Winogradsky was born in Kiev, in what was then the Russian Empire, and entered the Imperial Conservatoire of Music in St Petersburg in 1875 to study piano. However, after two years of music training, he entered the University of Saint Petersburg in 1877 to study chemistry under Nikolai Menshchutkin and botany under Andrei Sergeevich Famintzin. He took a diploma in 1881 and stayed at the University of St Petersburg to receive a degree of master of science in botany in 1884. In 1885, he began work at the University of Strasbourg under the renowned botanist Anton de Bary; Winogradsky became renowned for his work on sulfur bacteria. In 1888, he relocated to Zurich, where he began investigation into the process of nitrification, identifying the genera Nitrosomonas and Nitrosococcus, which oxidizes ammonium to nitrite, and Nitrobacter, which oxidizes nitrite to nitrate. He returned to St. Petersburg for the period 1891 - 1905 and there was chief of the division of general microbiology of the Institute of Experimental Medicine; during this period, he identified the obligate anaerobe Clostridium pasteurianum, which is capable of fixing atmospheric nitrogen. In 1901, he was elected honorary member of the Moscow Society of Natural Science and, in 1902, corresponding member of the French Academy of Sciences. He retired from active scientific work in 1905, dividing his time between his private estate and Switzerland. In 1922, he accepted an invitation to head the division of agricultural bacteriology at the Pasteur Institute at an experimental station at Brie - Comte - Robert, France, about 30 km from Paris. In this period, he worked on a number of topics, among them iron bacteria, nitrifying bacteria, nitrogen fixation by Azotobacter, cellulose - decomposing bacteria, and culture methods for soil microorganisms. Winogradsky retired from active life in 1940 and died in Brie - Comte - Robert.

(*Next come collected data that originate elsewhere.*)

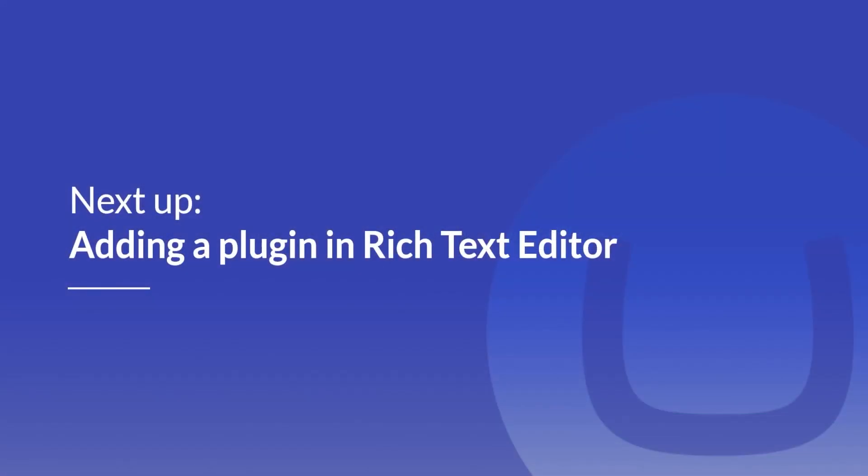In this video, we have learned how to implement Rich Text Editor in our content, how to render it on our front end so we can show it on our website and how we can enable or disable the default options according to our needs. In the next video, I will cover how we can extend the Rich Text Editor by adding a plugin. Stay tuned for the next video!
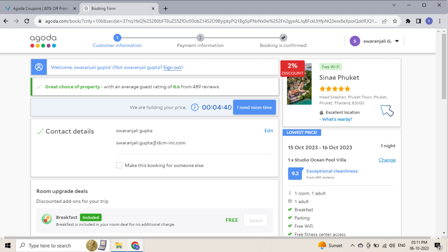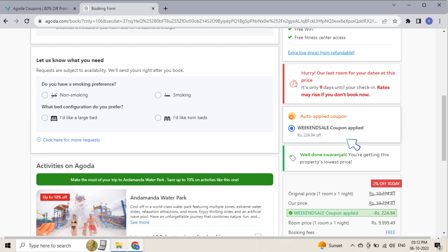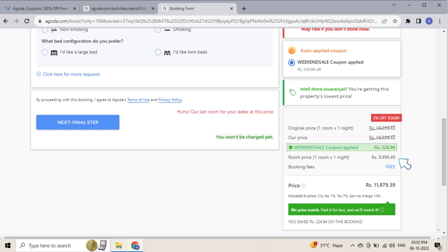Shop on Agoda and add items to cart. Once you check out, you will see the 'Enter a Coupon or Promo Code' section. Paste the code and instantly see the discount applied.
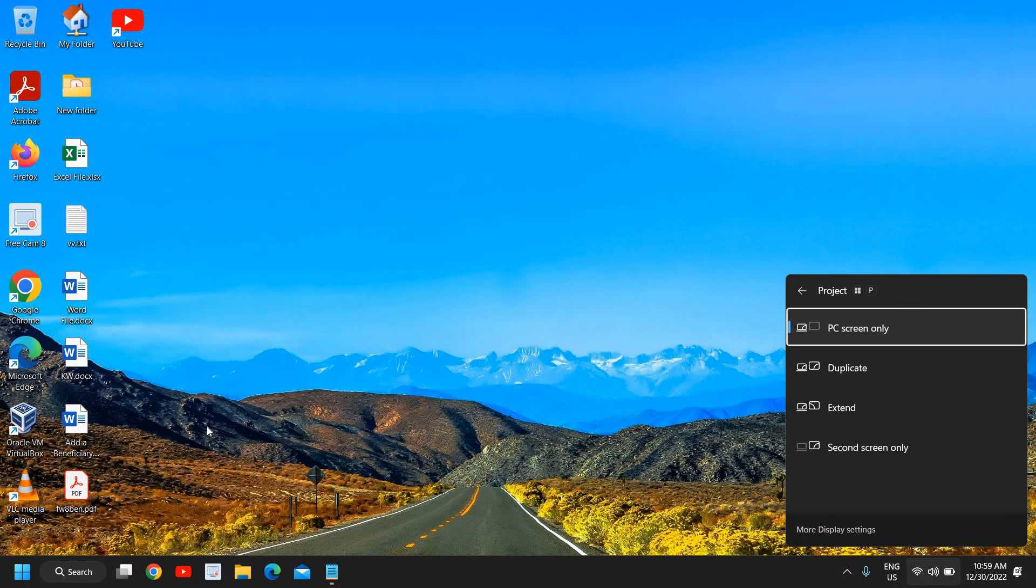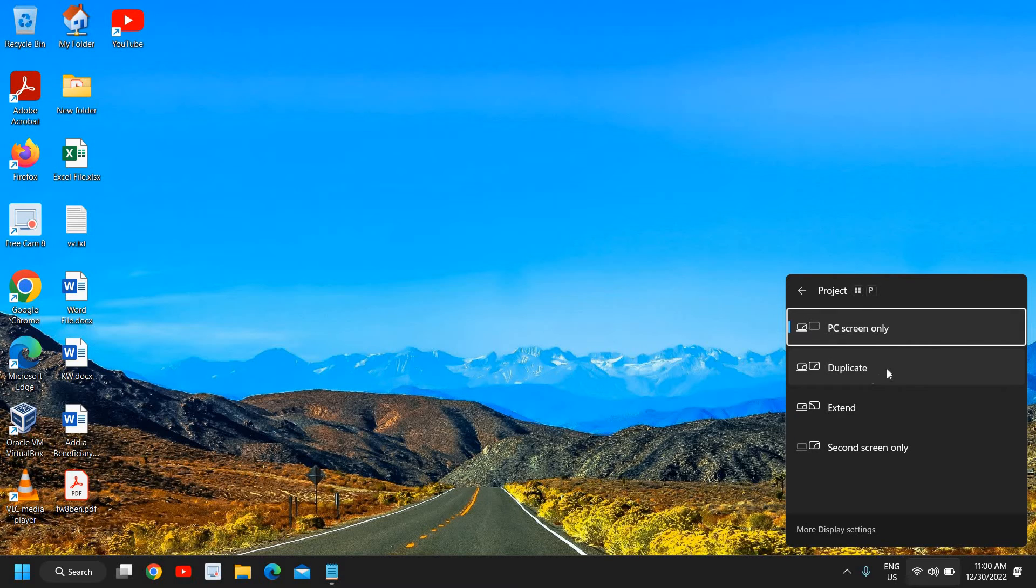The moment you press Windows and P, you will see in the bottom right corner where you have PC Screen, Duplicate, Extend, and Second Screen Only. So here we have Second Screen Only.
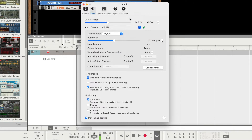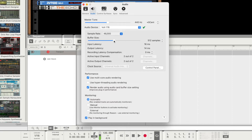In the Audio Preferences, you can also set the sample rate and buffer size to the desired value. Increasing the buffer size can alleviate playback issues like clicks, pops, and distortion caused by high CPU loads, but will also increase latency when playing virtual instruments or monitoring inputs through the DAW. A common workflow is to use a lower buffer size while recording and a higher buffer size when mixing.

Winogradsky is best known for discovering chemoautotrophy, which soon became popularly known as chemosynthesis, the process by which organisms derive energy from a number of different inorganic compounds and obtain carbon in the form of carbon dioxide. Previously, it was believed that autotrophs obtained their energy solely from light, not from reactions of inorganic compounds. With the discovery of organisms that oxidized inorganic compounds such as hydrogen sulfide and ammonium as energy sources, autotrophs could be divided into two groups: photoautotrophs and chemoautotrophs. Winogradsky was one of the first researchers to attempt to understand microorganisms outside of the medical context, making him among the first students of microbial ecology and environmental microbiology. The Winogradsky column remains an important display of chemoautotrophy and microbial ecology, demonstrated in microbiology lectures around the world.